- _RECORD EXTRACTS_:
§

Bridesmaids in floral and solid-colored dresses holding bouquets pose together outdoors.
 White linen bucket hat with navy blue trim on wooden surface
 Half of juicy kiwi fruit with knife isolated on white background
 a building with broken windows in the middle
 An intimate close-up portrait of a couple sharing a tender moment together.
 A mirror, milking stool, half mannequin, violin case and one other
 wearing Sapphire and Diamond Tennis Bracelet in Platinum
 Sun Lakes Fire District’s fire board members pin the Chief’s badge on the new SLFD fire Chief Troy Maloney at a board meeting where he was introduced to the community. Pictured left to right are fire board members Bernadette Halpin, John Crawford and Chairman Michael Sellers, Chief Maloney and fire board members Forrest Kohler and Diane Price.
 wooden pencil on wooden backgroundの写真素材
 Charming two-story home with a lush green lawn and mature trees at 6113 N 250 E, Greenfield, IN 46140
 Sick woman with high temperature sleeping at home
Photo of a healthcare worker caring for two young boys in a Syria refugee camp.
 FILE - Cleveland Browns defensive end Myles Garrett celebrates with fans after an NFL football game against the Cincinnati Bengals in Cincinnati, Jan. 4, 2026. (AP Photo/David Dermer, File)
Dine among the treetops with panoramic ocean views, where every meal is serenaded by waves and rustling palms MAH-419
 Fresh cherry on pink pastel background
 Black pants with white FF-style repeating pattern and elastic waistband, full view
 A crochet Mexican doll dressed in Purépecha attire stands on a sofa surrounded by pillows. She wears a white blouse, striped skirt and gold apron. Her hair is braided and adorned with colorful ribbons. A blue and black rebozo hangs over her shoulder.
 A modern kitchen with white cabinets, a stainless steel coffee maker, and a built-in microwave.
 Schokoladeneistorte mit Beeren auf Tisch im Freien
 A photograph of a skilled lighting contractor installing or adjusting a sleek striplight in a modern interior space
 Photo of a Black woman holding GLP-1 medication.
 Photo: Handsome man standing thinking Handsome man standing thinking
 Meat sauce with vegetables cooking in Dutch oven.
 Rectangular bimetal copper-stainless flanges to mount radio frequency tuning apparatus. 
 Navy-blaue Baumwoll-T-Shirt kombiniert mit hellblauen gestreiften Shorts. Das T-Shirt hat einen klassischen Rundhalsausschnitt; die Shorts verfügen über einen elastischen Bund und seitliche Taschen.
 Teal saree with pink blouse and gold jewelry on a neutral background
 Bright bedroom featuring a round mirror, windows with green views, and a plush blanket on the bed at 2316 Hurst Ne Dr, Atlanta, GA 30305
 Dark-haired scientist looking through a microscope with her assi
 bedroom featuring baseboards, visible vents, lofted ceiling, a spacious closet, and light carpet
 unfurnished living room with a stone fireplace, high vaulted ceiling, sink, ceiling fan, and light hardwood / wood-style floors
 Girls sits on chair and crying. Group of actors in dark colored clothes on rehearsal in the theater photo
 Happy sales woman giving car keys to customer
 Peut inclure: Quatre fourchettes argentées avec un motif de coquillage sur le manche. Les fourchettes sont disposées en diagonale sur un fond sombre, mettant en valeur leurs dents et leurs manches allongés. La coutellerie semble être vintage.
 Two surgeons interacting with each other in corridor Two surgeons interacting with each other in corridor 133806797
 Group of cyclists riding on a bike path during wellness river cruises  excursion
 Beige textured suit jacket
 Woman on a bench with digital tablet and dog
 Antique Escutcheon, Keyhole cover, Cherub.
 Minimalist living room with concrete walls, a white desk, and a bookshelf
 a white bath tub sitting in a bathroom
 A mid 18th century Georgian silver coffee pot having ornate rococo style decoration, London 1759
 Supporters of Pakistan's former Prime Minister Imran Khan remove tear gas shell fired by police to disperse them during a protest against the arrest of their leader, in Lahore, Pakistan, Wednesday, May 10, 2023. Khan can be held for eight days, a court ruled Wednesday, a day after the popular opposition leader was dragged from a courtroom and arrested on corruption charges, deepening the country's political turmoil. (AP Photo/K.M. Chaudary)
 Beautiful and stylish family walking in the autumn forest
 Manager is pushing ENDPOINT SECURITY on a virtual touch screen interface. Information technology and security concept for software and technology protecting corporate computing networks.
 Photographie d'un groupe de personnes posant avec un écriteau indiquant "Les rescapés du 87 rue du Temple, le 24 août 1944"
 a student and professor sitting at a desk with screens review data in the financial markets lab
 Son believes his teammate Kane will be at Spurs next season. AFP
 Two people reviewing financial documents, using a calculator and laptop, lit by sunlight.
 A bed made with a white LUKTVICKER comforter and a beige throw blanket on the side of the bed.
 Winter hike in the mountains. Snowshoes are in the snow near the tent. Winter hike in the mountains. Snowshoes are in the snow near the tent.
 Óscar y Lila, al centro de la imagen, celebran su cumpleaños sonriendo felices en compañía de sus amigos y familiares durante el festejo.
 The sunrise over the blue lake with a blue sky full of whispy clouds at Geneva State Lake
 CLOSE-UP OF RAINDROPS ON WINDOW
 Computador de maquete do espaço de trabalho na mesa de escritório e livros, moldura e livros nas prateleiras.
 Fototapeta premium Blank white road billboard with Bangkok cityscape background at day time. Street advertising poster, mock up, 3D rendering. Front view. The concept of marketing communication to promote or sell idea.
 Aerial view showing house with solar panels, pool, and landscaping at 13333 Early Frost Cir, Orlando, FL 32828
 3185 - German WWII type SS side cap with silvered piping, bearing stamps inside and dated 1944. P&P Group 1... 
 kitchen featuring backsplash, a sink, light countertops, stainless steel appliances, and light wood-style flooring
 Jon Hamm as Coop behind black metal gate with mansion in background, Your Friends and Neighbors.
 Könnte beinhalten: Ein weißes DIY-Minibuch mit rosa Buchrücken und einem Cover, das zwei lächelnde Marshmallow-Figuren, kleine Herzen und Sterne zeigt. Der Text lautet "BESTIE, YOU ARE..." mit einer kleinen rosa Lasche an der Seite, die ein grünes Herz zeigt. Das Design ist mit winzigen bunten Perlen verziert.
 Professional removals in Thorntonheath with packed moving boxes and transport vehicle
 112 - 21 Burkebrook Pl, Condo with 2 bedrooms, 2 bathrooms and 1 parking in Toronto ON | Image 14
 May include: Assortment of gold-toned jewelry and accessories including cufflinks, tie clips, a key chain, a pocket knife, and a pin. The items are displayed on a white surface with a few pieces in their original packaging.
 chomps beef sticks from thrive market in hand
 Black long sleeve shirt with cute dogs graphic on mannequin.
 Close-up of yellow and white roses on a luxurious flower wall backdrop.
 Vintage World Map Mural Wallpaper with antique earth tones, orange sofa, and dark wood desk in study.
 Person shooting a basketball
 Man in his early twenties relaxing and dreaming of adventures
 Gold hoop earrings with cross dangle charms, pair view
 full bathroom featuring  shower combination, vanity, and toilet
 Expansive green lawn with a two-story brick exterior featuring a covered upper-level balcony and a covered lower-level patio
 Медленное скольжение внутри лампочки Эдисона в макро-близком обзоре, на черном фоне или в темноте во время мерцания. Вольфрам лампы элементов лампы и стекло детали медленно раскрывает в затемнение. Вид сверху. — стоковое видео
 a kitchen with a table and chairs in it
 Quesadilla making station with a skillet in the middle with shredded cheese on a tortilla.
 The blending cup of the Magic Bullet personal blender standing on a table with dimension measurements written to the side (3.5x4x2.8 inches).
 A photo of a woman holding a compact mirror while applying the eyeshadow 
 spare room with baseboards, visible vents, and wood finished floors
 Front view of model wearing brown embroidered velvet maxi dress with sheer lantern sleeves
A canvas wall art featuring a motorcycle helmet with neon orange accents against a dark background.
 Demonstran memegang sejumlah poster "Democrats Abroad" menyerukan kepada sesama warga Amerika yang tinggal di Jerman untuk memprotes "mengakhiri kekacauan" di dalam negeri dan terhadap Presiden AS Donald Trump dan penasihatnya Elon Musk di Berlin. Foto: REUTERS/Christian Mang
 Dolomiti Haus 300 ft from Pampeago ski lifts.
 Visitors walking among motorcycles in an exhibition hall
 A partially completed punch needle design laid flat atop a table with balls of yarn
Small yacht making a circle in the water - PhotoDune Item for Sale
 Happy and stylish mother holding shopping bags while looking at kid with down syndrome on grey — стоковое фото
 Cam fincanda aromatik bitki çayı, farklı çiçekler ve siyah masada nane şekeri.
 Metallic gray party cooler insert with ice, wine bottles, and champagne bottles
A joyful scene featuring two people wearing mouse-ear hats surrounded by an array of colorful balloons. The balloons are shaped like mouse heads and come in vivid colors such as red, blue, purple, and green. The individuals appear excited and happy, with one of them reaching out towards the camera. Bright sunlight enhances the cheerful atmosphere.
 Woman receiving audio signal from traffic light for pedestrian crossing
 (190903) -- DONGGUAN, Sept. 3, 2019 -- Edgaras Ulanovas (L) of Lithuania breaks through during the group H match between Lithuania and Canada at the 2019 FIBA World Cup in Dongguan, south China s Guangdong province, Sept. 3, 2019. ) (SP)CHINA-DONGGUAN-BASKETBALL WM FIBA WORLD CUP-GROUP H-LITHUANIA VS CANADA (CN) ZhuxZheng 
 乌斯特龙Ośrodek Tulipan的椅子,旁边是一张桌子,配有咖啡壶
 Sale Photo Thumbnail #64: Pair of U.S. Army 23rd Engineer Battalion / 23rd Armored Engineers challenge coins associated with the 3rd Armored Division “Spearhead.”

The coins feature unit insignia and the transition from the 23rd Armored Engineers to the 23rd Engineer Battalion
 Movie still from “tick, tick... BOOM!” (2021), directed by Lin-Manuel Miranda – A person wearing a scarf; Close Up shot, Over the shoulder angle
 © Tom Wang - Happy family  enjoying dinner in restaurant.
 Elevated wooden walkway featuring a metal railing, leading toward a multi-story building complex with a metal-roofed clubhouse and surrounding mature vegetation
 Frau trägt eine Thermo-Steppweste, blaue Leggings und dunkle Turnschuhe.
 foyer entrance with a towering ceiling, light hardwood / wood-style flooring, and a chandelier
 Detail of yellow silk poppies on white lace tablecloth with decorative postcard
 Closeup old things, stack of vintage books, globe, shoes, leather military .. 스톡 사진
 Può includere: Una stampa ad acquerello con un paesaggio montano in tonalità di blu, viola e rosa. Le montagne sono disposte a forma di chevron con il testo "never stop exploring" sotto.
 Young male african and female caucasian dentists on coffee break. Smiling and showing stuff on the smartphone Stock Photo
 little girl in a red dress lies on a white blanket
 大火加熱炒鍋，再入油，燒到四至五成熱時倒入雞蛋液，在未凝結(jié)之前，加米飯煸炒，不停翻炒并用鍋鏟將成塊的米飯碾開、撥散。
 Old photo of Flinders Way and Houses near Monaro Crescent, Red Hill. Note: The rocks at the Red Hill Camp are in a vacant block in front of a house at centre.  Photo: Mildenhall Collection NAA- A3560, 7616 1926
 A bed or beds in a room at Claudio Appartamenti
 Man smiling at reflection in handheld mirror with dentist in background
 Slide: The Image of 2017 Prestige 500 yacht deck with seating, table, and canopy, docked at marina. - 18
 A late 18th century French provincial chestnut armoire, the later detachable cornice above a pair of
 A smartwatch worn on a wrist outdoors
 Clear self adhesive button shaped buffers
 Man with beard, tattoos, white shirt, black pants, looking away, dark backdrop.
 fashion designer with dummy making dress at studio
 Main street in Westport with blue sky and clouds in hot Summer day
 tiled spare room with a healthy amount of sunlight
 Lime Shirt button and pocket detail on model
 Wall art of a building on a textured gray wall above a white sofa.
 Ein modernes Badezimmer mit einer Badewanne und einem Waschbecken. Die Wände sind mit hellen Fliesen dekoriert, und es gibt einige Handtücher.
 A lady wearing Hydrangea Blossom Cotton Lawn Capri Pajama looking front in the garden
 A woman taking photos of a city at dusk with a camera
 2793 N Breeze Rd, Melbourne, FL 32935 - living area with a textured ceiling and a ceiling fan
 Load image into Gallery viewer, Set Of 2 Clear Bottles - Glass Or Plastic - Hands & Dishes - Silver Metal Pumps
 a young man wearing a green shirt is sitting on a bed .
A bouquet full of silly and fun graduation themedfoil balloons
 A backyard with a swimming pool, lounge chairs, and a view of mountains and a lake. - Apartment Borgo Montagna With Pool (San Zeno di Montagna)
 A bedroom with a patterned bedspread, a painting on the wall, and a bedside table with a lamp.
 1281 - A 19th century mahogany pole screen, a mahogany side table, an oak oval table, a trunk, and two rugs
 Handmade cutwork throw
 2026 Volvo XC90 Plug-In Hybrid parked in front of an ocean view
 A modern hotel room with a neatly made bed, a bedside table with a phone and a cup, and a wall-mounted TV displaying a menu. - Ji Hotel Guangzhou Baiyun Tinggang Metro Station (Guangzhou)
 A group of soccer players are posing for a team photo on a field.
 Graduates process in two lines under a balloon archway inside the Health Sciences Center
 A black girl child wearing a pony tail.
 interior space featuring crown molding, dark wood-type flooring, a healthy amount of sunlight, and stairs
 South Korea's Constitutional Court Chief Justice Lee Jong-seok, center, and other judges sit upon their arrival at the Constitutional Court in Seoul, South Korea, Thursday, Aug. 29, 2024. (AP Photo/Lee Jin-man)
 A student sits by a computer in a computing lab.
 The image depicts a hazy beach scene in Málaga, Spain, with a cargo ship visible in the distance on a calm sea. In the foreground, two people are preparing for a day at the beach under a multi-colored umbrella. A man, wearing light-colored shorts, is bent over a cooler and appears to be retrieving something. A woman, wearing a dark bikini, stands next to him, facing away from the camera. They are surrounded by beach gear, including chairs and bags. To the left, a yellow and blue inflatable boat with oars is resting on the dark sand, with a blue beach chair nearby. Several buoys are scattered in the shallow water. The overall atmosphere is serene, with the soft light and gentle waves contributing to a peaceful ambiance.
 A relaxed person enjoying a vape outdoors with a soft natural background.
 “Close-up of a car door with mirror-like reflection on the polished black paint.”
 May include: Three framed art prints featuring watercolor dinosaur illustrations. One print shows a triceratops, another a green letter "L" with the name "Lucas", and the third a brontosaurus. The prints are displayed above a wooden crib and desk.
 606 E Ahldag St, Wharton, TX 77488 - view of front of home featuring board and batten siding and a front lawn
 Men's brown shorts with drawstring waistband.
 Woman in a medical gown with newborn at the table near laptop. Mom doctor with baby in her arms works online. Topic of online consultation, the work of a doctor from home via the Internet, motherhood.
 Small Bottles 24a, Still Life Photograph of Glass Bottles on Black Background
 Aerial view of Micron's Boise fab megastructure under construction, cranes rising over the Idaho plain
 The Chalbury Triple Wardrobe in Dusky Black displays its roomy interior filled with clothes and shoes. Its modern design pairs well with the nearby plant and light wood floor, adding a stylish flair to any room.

§

- _PROBLEM DESCRIPTION_: Output the lines of the records above exactly as they appear, from the line containing "a young man" through the line containing "A bedroom with".

- _RESPONSE TO THE TASK_:
 a young man wearing a green shirt is sitting on a bed .
A bouquet full of silly and fun graduation themedfoil balloons
 A backyard with a swimming pool, lounge chairs, and a view of mountains and a lake. - Apartment Borgo Montagna With Pool (San Zeno di Montagna)
 A bedroom with a patterned bedspread, a painting on the wall, and a bedside table with a lamp.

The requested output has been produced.